Exercise aim
In the records below, find the line containing "Omgoods: Cuaderno de". Output it and every line after it to the end, unchanged, with no pictures.
===== Records provided
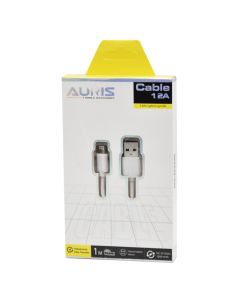 Charging cable, Auris, I Phone, Fast Charger, 1.2 A, 1 m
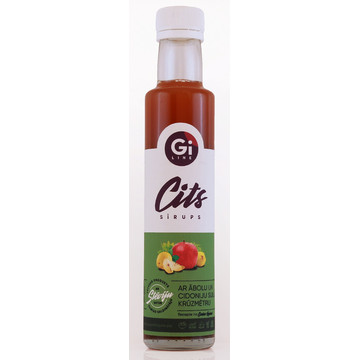 CREATIVE SYRUP &quot;APPLE-QUINCE/MINT&quot;, SUGAR FREE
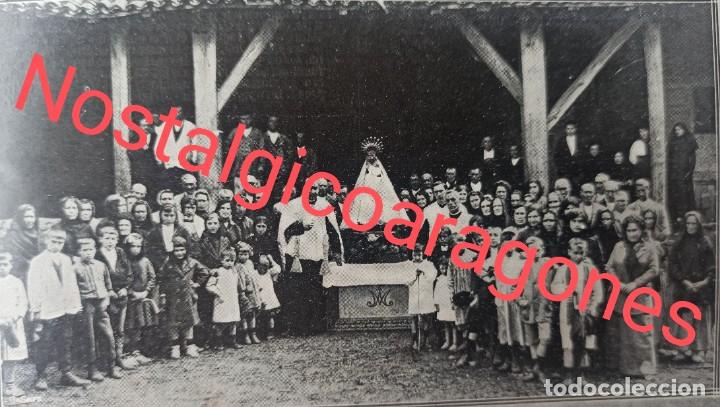 Colecionismo de Revistas e Jornais: &Eacute;ibar Virgen Arrate pidiendo lluvia Foto revista principio siglo XX 191E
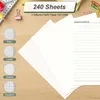 Omgoods: Cuaderno de anillas A5 con 240 hojas y organizador Vista previa de la imagen del producto 4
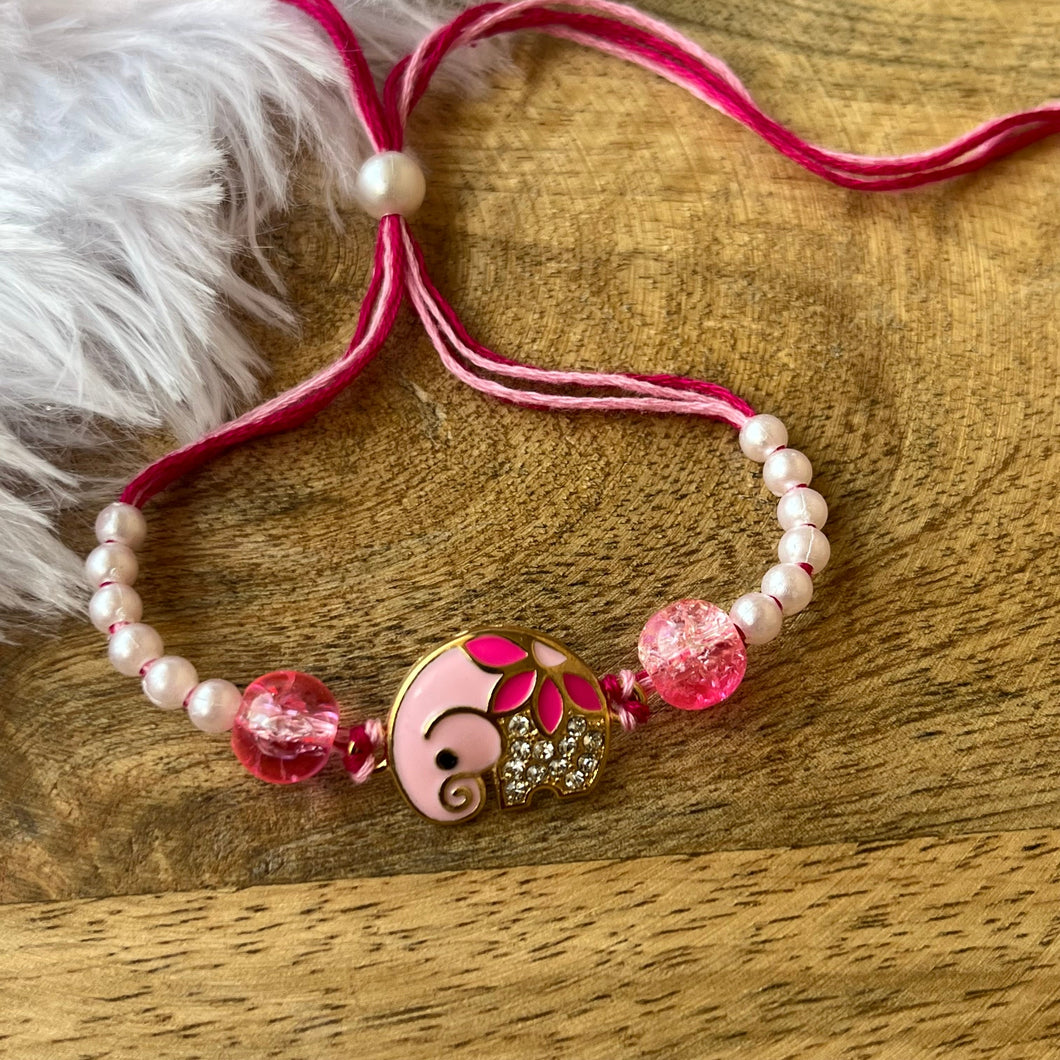 Adorable Cute Elephant Bracelet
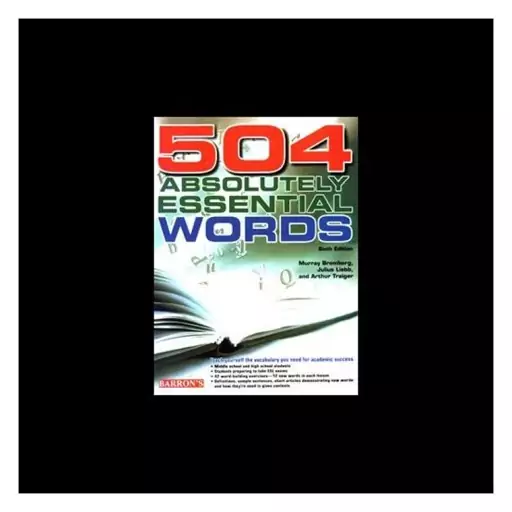 کتاب 504Absolutely Essential Words (ویراست ششم)(جنگل)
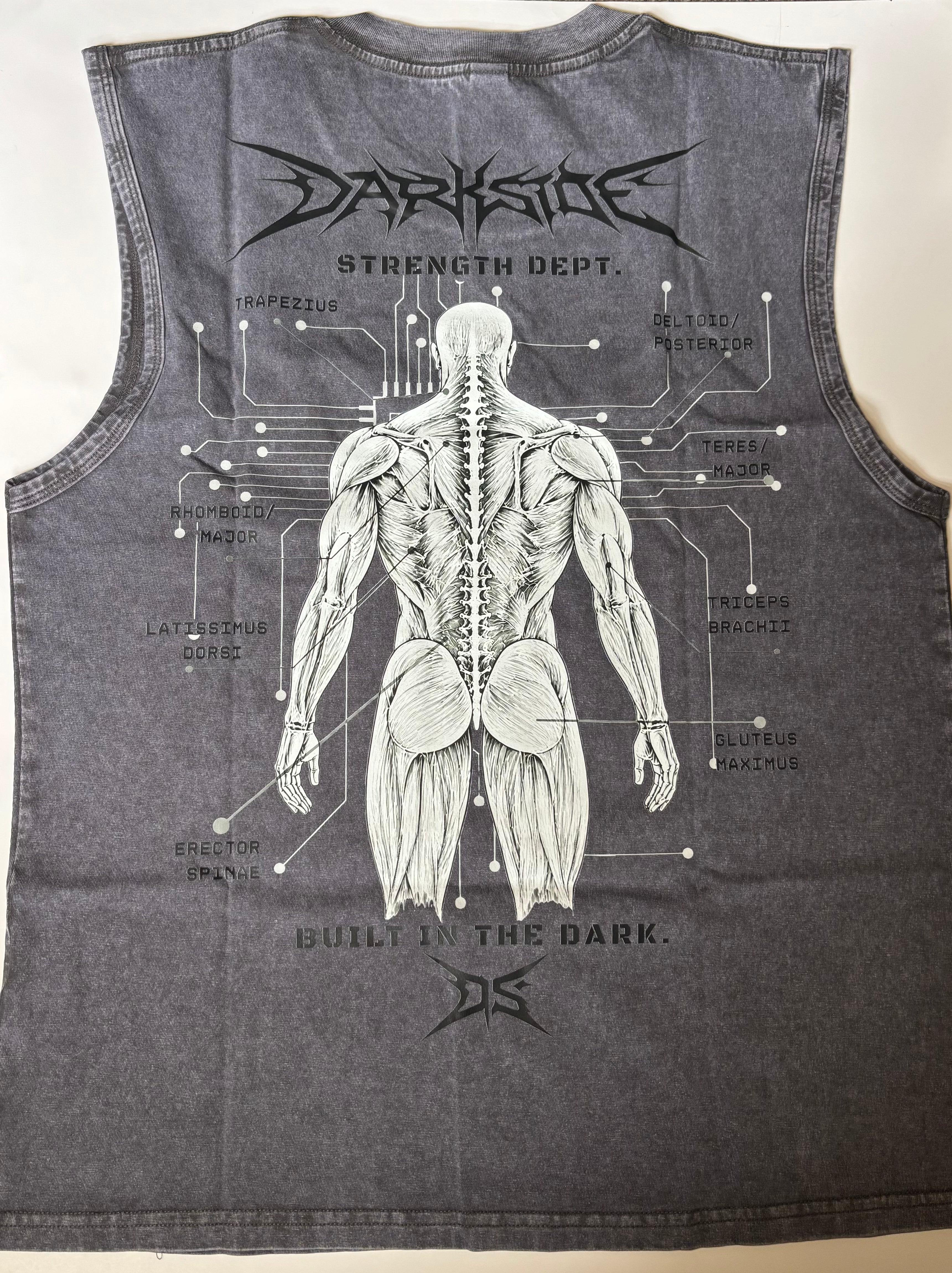 Tempered: Anatomy Sleeveless Tee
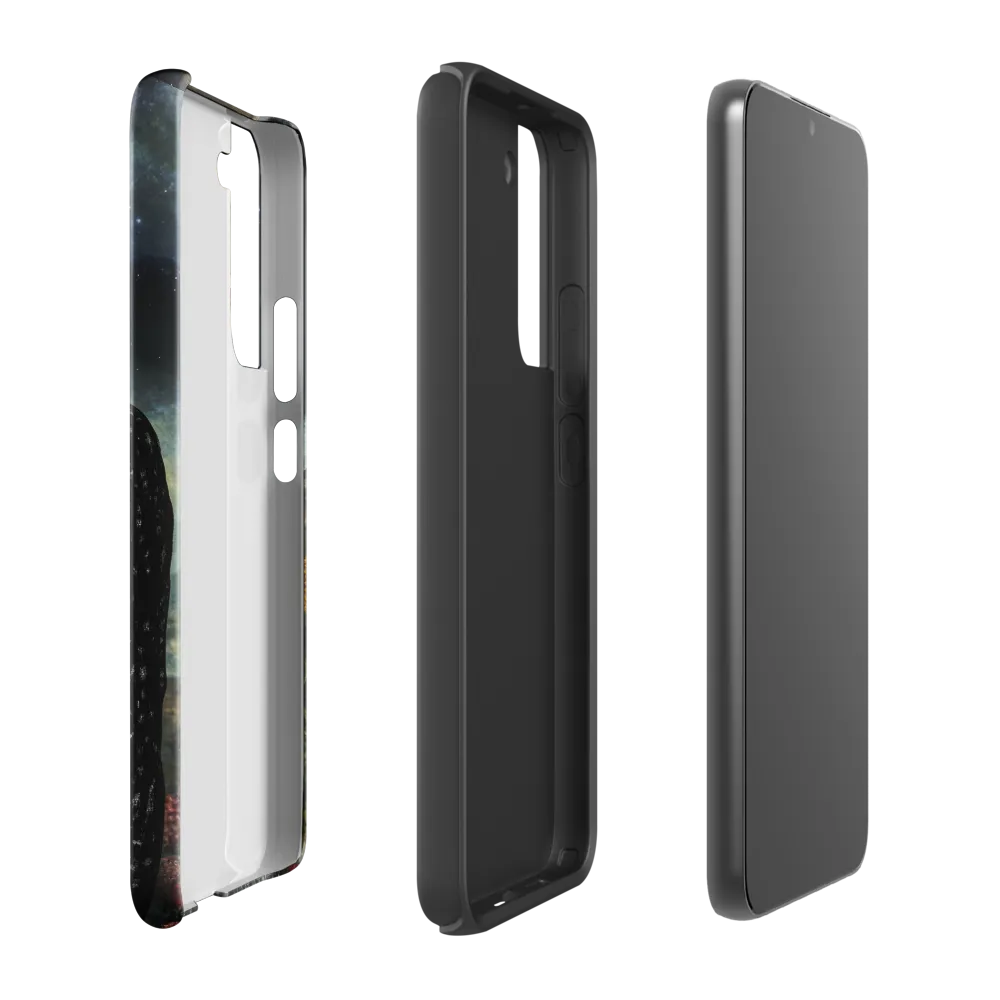 Whispers of the Night | Phone Case |  S22 Plus | Tough Case | Glossy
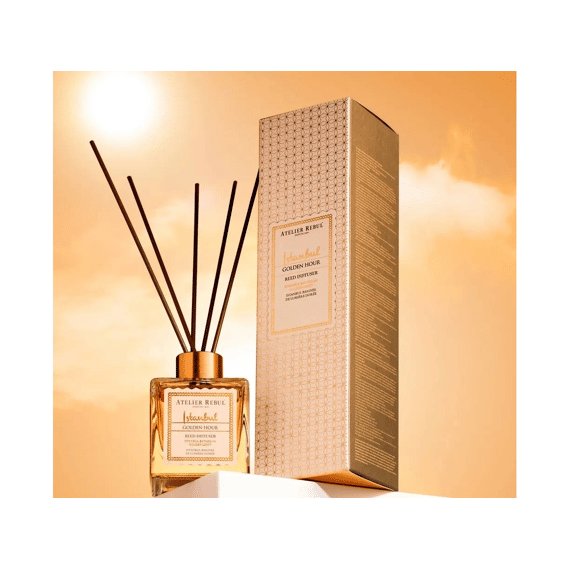 Atelier Rebul Istanbul Golden Hour Reed Diffuser 120ml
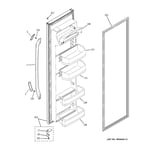 GE GSH25JFXNBB side-by-side refrigerator parts | Sears PartsDirect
==========
Solution below
 Omgoods: Cuaderno de anillas A5 con 240 hojas y organizador Vista previa de la imagen del producto 4
 Adorable Cute Elephant Bracelet
 کتاب 504Absolutely Essential Words (ویراست ششم)(جنگل)
 Tempered: Anatomy Sleeveless Tee
 Whispers of the Night | Phone Case |  S22 Plus | Tough Case | Glossy
 Atelier Rebul Istanbul Golden Hour Reed Diffuser 120ml
 GE GSH25JFXNBB side-by-side refrigerator parts | Sears PartsDirect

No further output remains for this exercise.